-- WHAT NEEDS TO BE DONE --
Copy the data that appears below exactly. Drop the pictures.

-- INFORMATION PROVIDED --
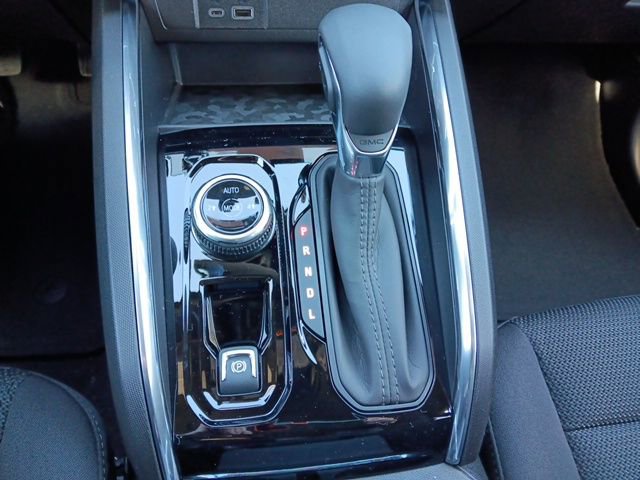 2026 GMC Canyon Elevation - Photo 16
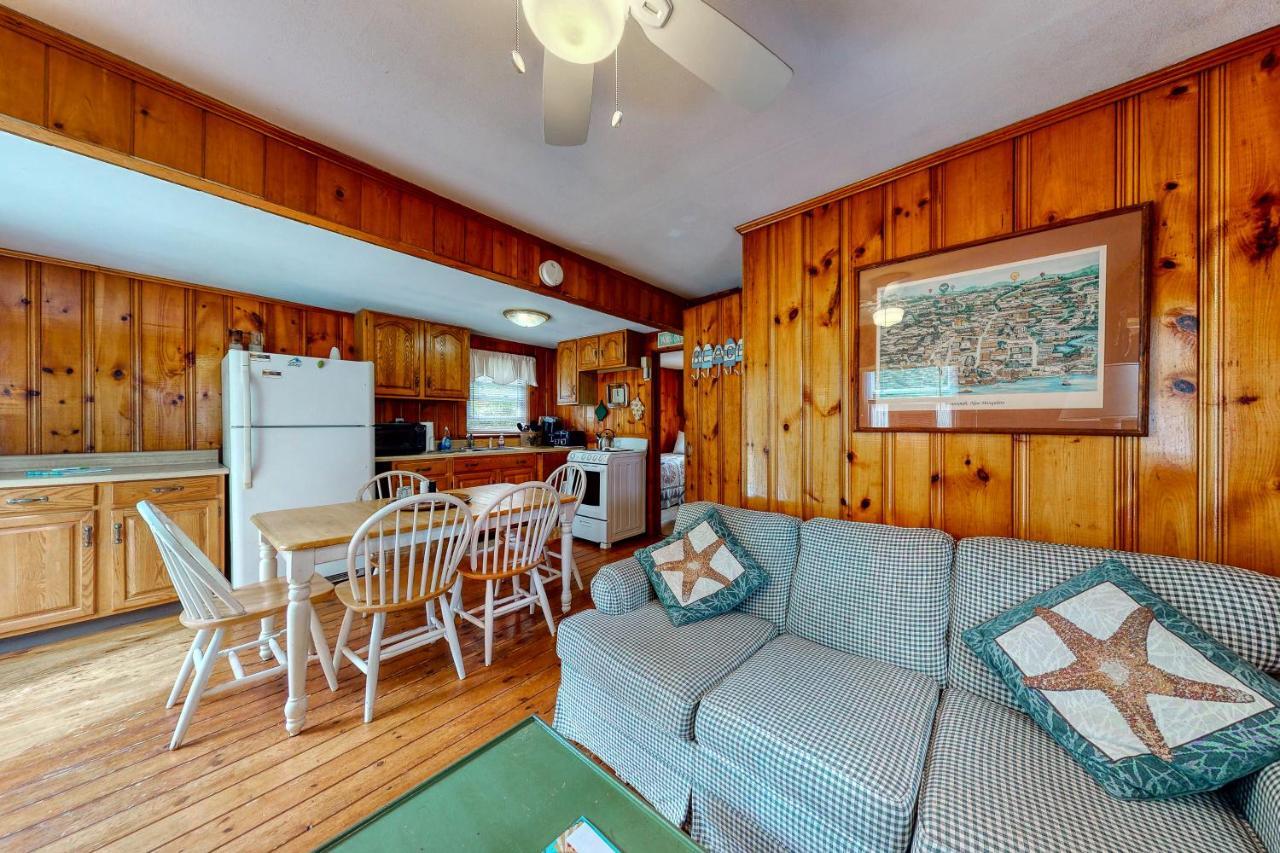 Otis Cottages Йорк Екстериор снимка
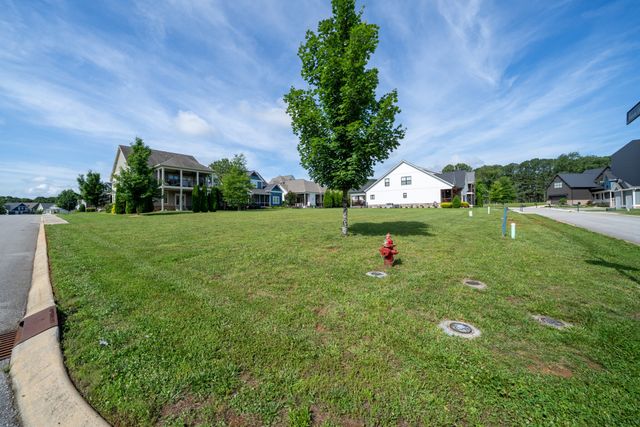 0 Slalom Cir, Winchester, TN 37398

-- OUTPUT OF THE EXERCISE --
 2026 GMC Canyon Elevation - Photo 16
 Otis Cottages Йорк Екстериор снимка
 0 Slalom Cir, Winchester, TN 37398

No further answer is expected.